A joke: Now that Washington and Colorado have both legalized recreational marijuana use, this gives a new meaning to the phrase “the lower 48,” when talking about American states. Well, except that Alaska has had permissive laws about pot since 1975. I learned this by googling “legalization,” to see if people are writing personal blogs about this cultural tsunami. What I found, in my admittedly brief google search, is that most writings about pot are still political, legal, impersonal. The knee-jerk joke would be that weed consumers are too stoned to be able to write about our new reality. Or still paranoid.
The common belief, forever, has been that smoking marijuana makes people paranoid. I’ve always thought that it was the illegality, more than the drug, that created the fears associated with smoking herb. Illegality also made for creative vocabulary. Weed, pot, herb, smoke, cannabis. In my twenties, I invented special hand-written flying bird punctuations to use in journal entries, to indicate which entries were written while high. I wanted to be studying myself honestly, to track what was happening to me even though it was illegal. Basically, I’m the Girl Scout type, law-abiding, honest, always prepared.
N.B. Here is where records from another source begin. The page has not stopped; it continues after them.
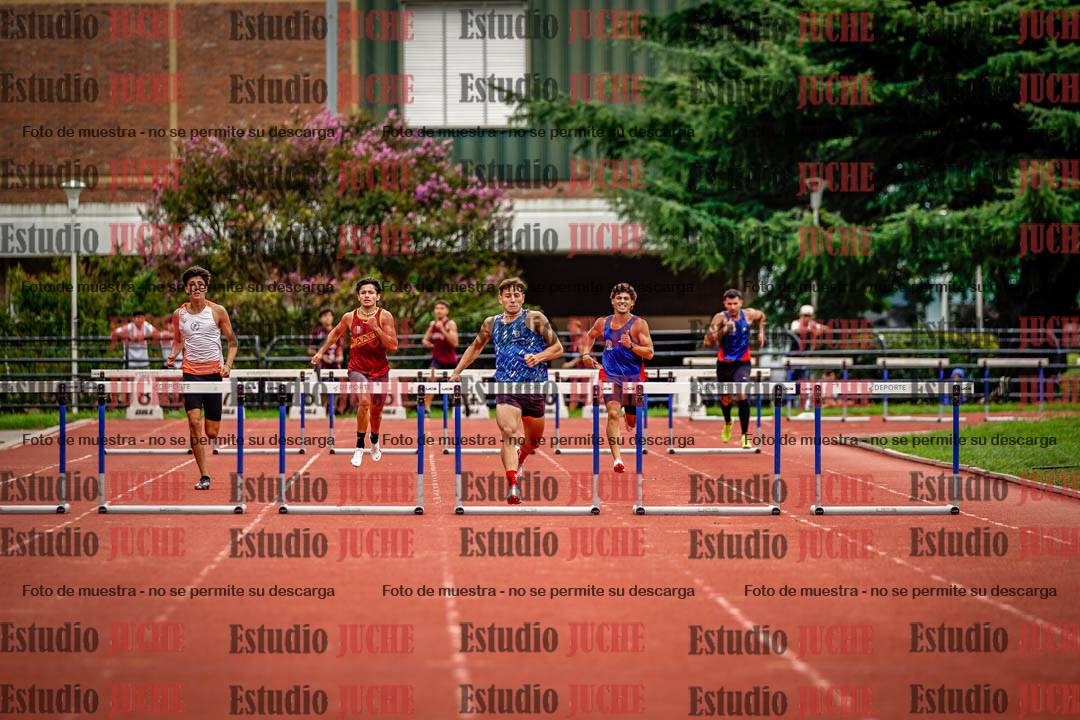 Fotos de los 400 m con vallas de varones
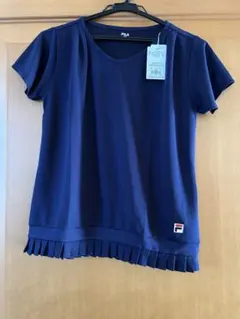 フィラ　テニスウェア　紺色トップス　Mサイズ　新品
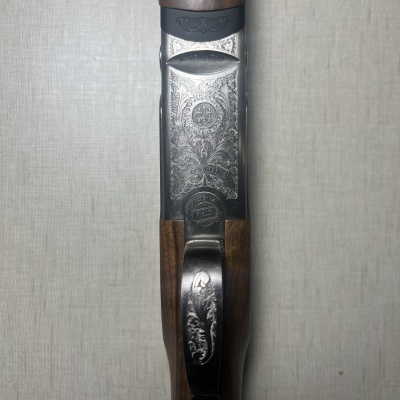 Espingarda com cabo de madeira e metal gravado com texto BERETTA e MADE IN ITALY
One must be careful. Even now, many people are afraid the laws could turn on us. People will judge us. We’re still being careful, private, quiet. Old habits die hard.
When the marijuana shops opened, I certainly wasn’t thinking Wow, now I can try this new thing. I thought This will be convenient. I smoked my first joint in 1975. In 1978, I grew my own; I became a gardener because of that summer. I didn’t smoke for twenty-five years, mid-life. In my hippie life, I’ve smoked plenty of pot, but, until this recent state-taxed legalization, I never paid for it. Parallel to my experiences with sex, actually. Part of the gift economy. Sacred, fun, private, loaded with responsibilities. Subject to abuse. Be careful.
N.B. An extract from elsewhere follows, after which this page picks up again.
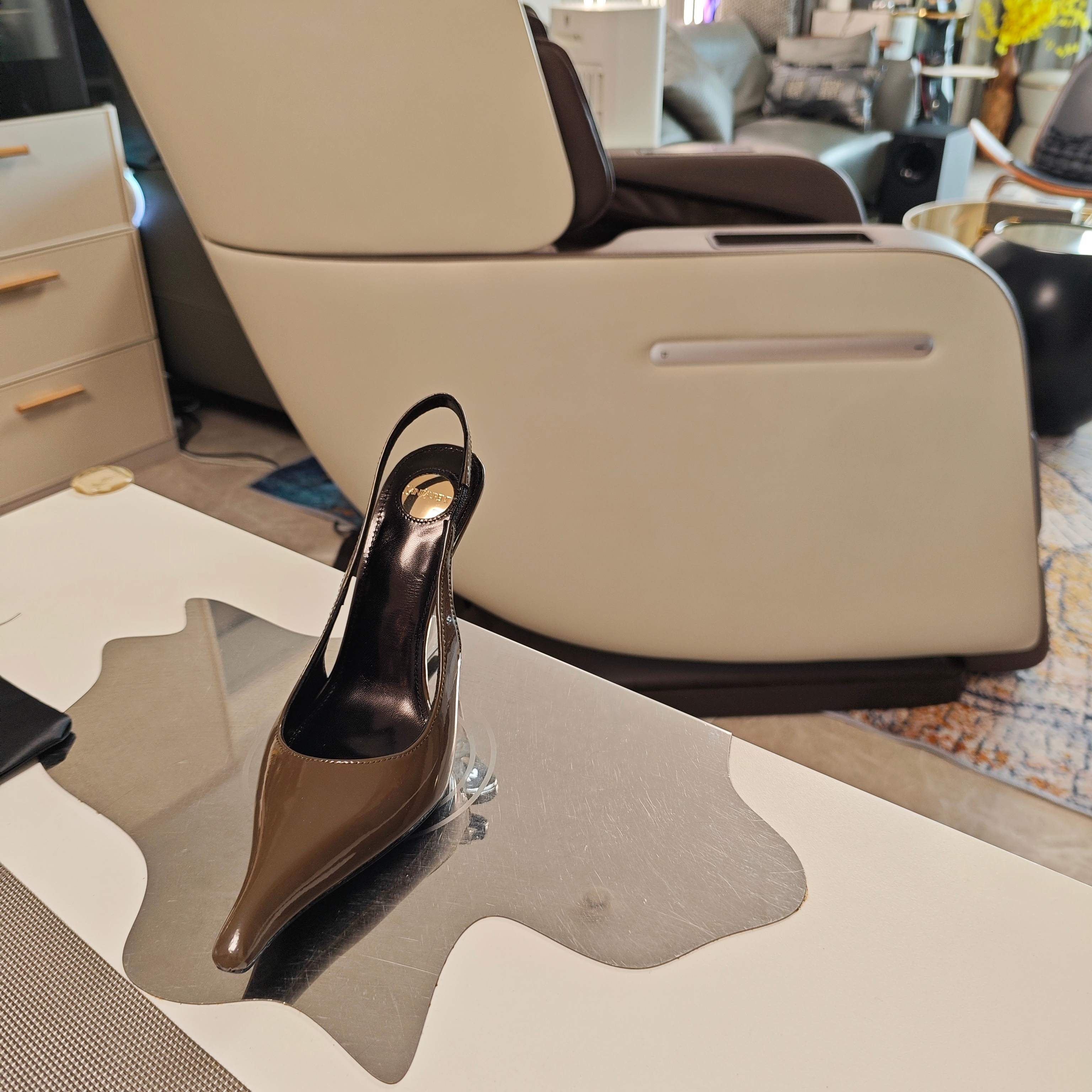 Women Y*SL Top Pumps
Since losing Will, I’ve rediscovered cannabis; it helps me to relax, sleep better. Nice dreams. Before it was legal, I wrote my nervous truth, using codes, in my diaries. “good thc,” or “thc all gone,” I would scribble. This summer, I came home with my first legal purchase and wrote “Went to town and bought marijuana! Wow.” That “wow” wasn’t about the thc high. That was my writer self, finally free to write those honest words. That’s a thrilling freedom, worth fighting to keep. Use it or lose it.